I recommend sauteing the onion and garlic beforehand, but it's not required (for either the stovetop or the slow cooker).
If you want to prepare this pozole on the stovetop, you'll want to simmer the soup for 2-3 hours over medium-low heat, covered. You'll want to wait to add the canned hominy until just before serving.
If using a slow cooker, cover and cook on low for at least 8 hours. You'll want to wait to add the canned hominy until just before serving.
Storage and Reheating
Store leftover Instant Pozole in the fridge for up to 5 days.

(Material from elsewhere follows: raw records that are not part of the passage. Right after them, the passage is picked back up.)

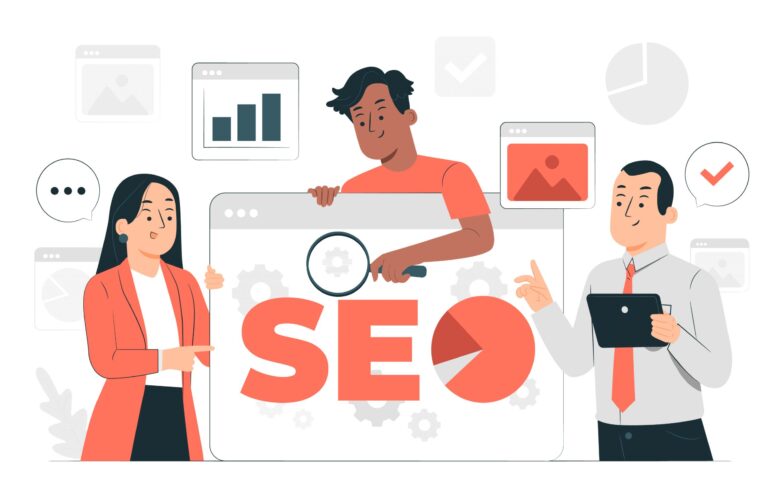 bisnis seo konsultan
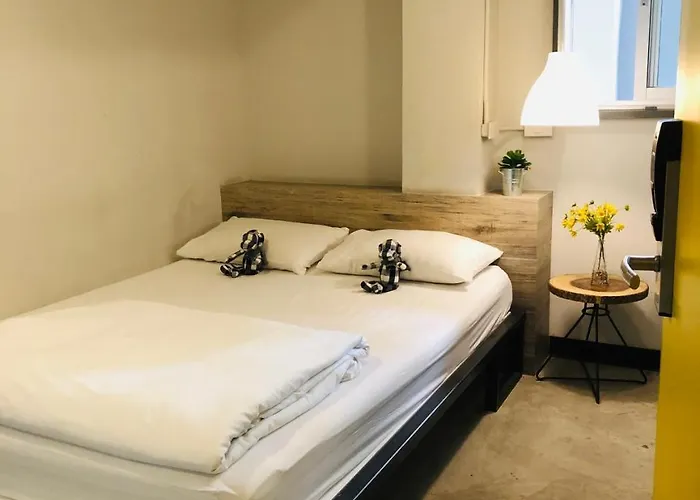 Albergue Happy Monkey Banguecoque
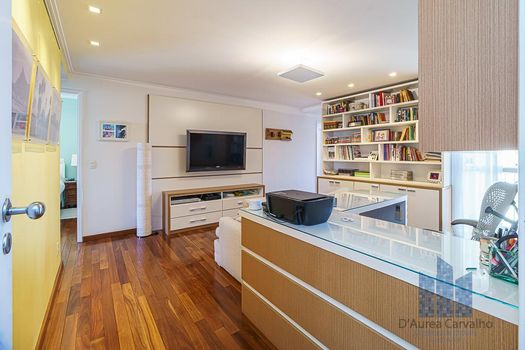 Foto 20 do(a) Apartamento de 4 quartos à venda em Cidade Monções, São Paulo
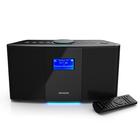 Alto-falante sem fio Aiwa Exos 5 Bluetooth FM Radio 20W RMS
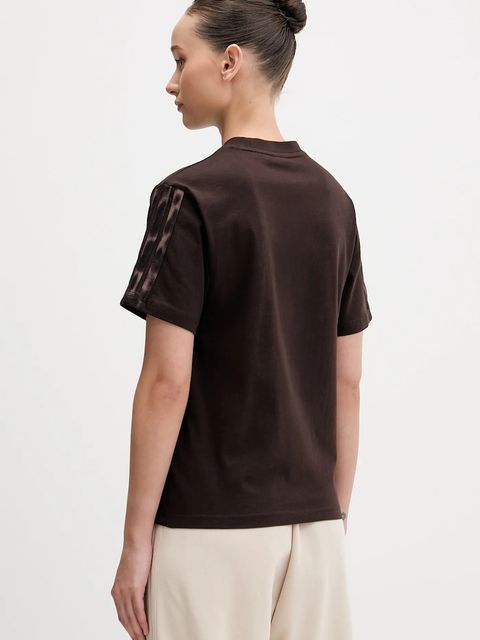 adidas t-shirt bawełniany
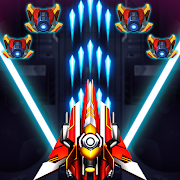 Galaxy Shooter: Air Force War Mod icon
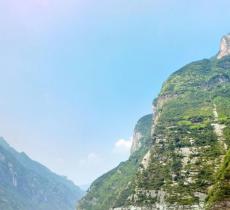 神女峰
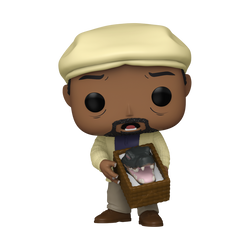 Funko POP! Movies: Happy Gilmore 30th Anniversary - Chubbs Peterson 2008 (ONLINE ORDER ONLY)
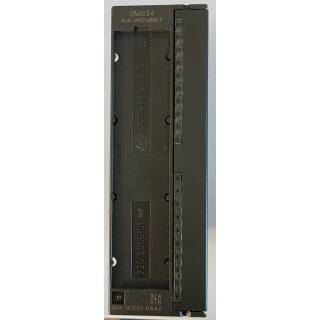 6ES7334-0CE01-0AA0   SM334 Analogbaugruppe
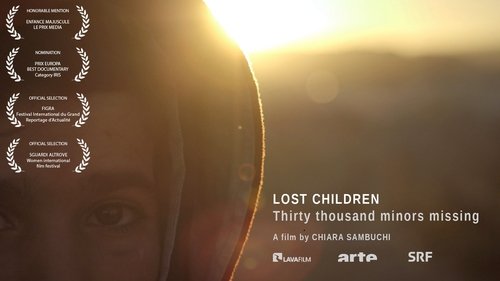 Lost Children. Thirty Thousand Minors Missing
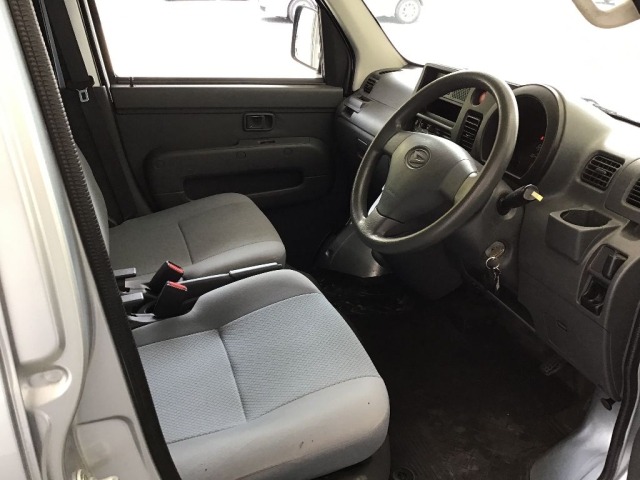 Daihatsu HIJET VAN 2017 7493387-5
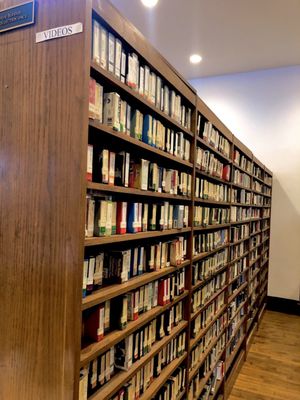 Athenaeum Music & Arts Library by null
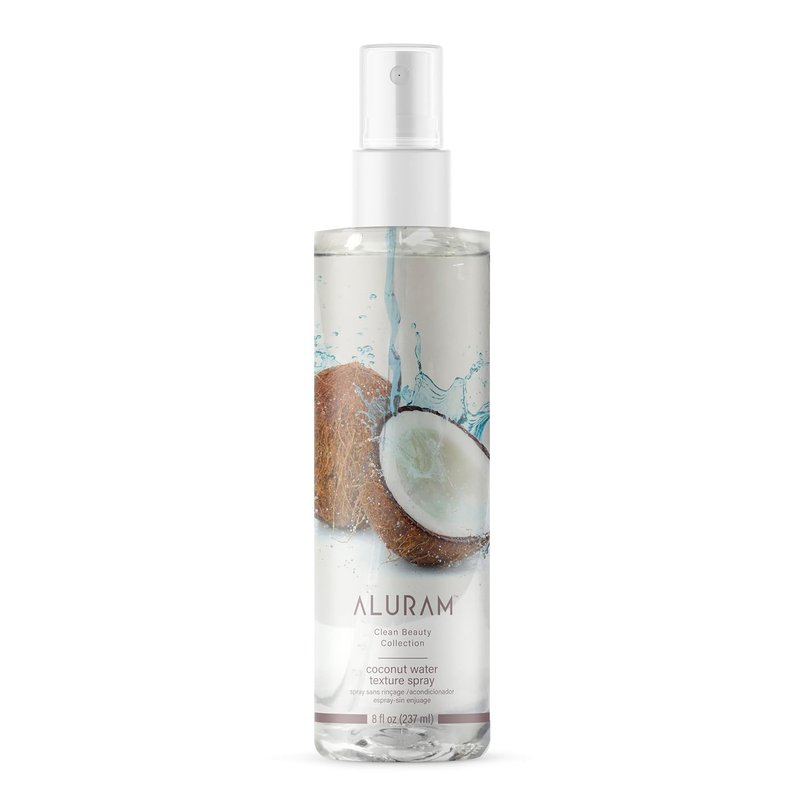 Coconut Water Texture Spray - Adds Definition & Volume | 8 Fl Oz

You may notice a layer of fat that hardens on top of your leftovers; go ahead and skim that off the top before reheating.
You might also notice that your leftovers are jiggly, having a thick, gelatinous quality. This is thanks to the collagen and fat released during cooking and will revert back to a liquid state once re-heated.
Store leftover Instant Pot Pozole in the freezer for up to 6 months. For maximum enjoyment, however, use within 3 months. Thaw in the refrigerator before reheating.
Reheat desired amount of pozole in a pot on the stovetop, covered. Bring to a gentle boil, stirring occasionally, then remove from heat. Or, microwave that soup. A couple of minutes should do it!
Instant Pot Pozole
- 1 smoked ham hock (around 2 - 2 ½ pounds)
- 1 quart water or cooking stock/broth (4 cups)
- 2 tablespoons olive oil or bacon grease
- 1 large yellow onion
- 1 head garlic (or 8-10 garlic cloves)
- 1 29-ounce can hominy (don’t drain)
- 1 teaspoon Mexican oregano
- ½ teaspoon thyme
- 1 teaspoon cumin
- salt, to taste* (I recommend adding 1 ½ teaspoons at the very end if using water)
- Roughly chop the onion and peel the garlic. Add onion and garlic to a food processor and Pulse a few times, until the onion and garlic are finely minced.
- Add olive oil or bacon grease and the chopped onion and garlic to the Instant Pot. Saute onion and garlic for 7 minutes by setting the Instant Pot to Saute (normal).
- Add ham hock and water (or stock/broth). Pressure cook for 20 minutes at High Pressure (normal).
- If possible, let natural release, which will take 15-20 minutes; otherwise, it’s okay to do a manual release shortly after cooking has finished.
- Remove ham hock. Add hominy and liquid and Saute for 7 minutes; this will help the soup reduce. Stir occasionally.
- Shred ham hock while hominy cooks and immediately add it back into the pozole.
- Taste as it cooks and adjust with additional seasonings if desired.
- Serve with shredded cabbage, sliced radishes, lime wedges, etc.